Brasão de Armas do Infante D. Henrique





[...] Os poetas da Renascença pensam por ideias ou por abstracções: os românticos pensam por imagens. Isto é, os primeiros pensam em termos de alma, os segundos em termos de Natureza. Nenhum romântico poderia escrever um soneto como o Alma minha gentil, tão despido de imagens, tão directamente exprimindo a alma.

Ora, sendo estes os característicos dos dois grandes períodos da poesia europeia moderna, será possível deduzir deles os característicos que deverá ter o grande período da poesia que se lhes seguirá? A dedução não é fácil; é facílima. Para a Renascença a Realidade é a Alma; para o Romantismo a Realidade é a Natureza. Ora, como o nosso conhecimento não tem outros objectos além da Alma e da Natureza, a nova Renascença (chamemos-lhe assim) não tem outra coisa que tomar para Realidade. A sua originalidade só poderá vir portanto de uma fusão do psiquismo da Renascença com o psiquismo do Romantismo.

Não há outra hipótese concebível.

Essa fusão, porém, produz um facto curioso - a coexistência de dois sentimentos da Realidade, uma dupla noção de Realidade. Mas só pode haver noção de uma Realidade; a Realidade é concebível só como uma. Resulta, portanto, que para a Nova Renascença a Realidade deverá ser fusão de Natureza e Alma. A realidade será pois Natureza-Alma. Isto é, pela Nova Renascença a Natureza será concebida como Alma».

Fernando Pessoa («A Nova Poesia Portuguesa»).


«A falta do sentido da modalidade representa um estádio primitivo da mentalidade se não soubéssemos como ela é correlata do absolutismo que caracteriza a separação que o português estabelece entre o que pensa e o que faz, entre todo o pensamento e toda a realidade.  Em relação com a liberdade, a ausência do sentido do modo é o que explica a atitude servil que o português sempre começa por adoptar socialmente e na qual em geral permanece. Tendo absolutizado a liberdade no puro pensamento ou no mais ignoto íntimo da sua existência subjectiva, não sabe ver o modo que permite discernir o que é que, no absoluto e na abstracção, oferece possibilidades de se manifestar e, depois, dentro da relatividade de toda a manifestação, torna real o possível. Tal incapacidade equivale ao suicídio ou conduz à servidão de que dá espectáculo a vida social portuguesa. Cremos que será difícil encontrar povo onde o pobre tão tácita e profundamente saiba como depende do rico, o fraco do forte, o desamparado do poderoso, o vencido do triunfador.

Tão profunda e generalizada servidão, tão absoluta incapacidade para realizar o possível, apresenta exemplos extremos por confirmação e por compensação naqueles aspectos que têm a generalidade em sua própria natureza, como seja a política e a literatura.

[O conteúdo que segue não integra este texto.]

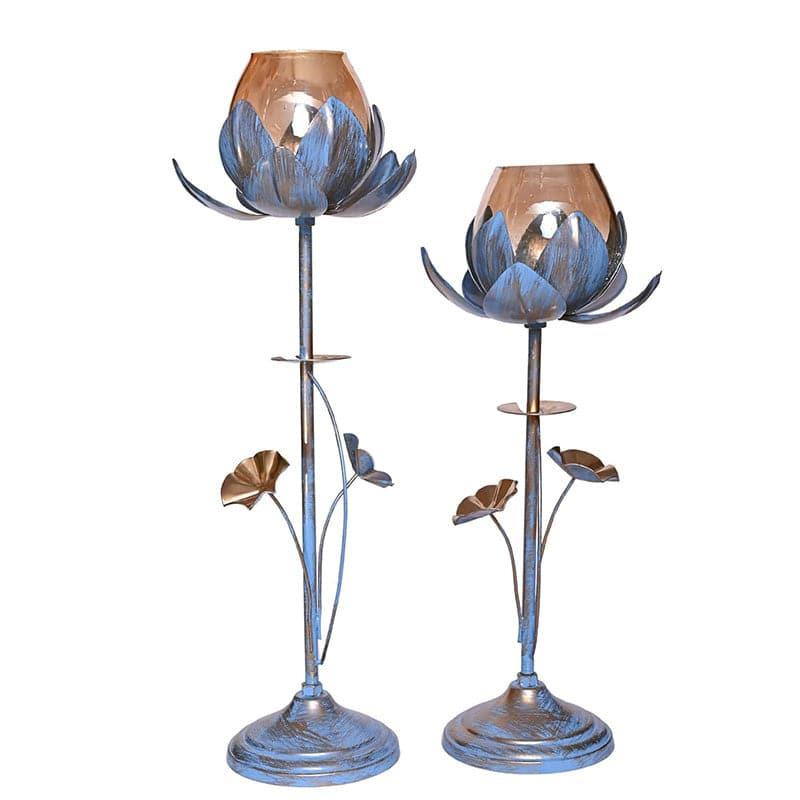 Buy Candle Holder - Lotus Blossom Candle Holder (Blue) - Set Of Two at Vaaree online
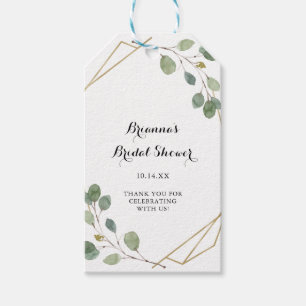 Geometric Greenery Eucalyptus Bridal Shower Gift Tags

É evidente que, em absoluto, não há doutrina política que não se proponha os fins da mesma política: o governo dos povos, o bem-estar dos indivíduos e famílias, a realização da justiça e da liberdade. Nos meios ou nos modos de alcançar estes fins é que, depois, se distinguem as doutrinas, os partidos e os regimes, os fascistas e os democráticos, os comunistas e os capitalistas. É, pois, fácil observar, como frequentemente se tem observado, que aos Portugueses não é acessível uma política assente na harmonia possível da variedade necessária. Entre nós, em qualquer circunstância e em qualquer tempo, a política é, toda, só a do governo. E como não consideramos modos nem meios, de todo o governo se exige sempre a imediata realização dos princípios e fins absolutos da política. O governo, por sua vez, que dentro desse mental absolutismo também apresentou os seus fins, vê-se a braços com os meios de que pode dispor ou em face dos modos que a realidade lhe impõe, isto é, descobre tardiamente a categoria da modalidade.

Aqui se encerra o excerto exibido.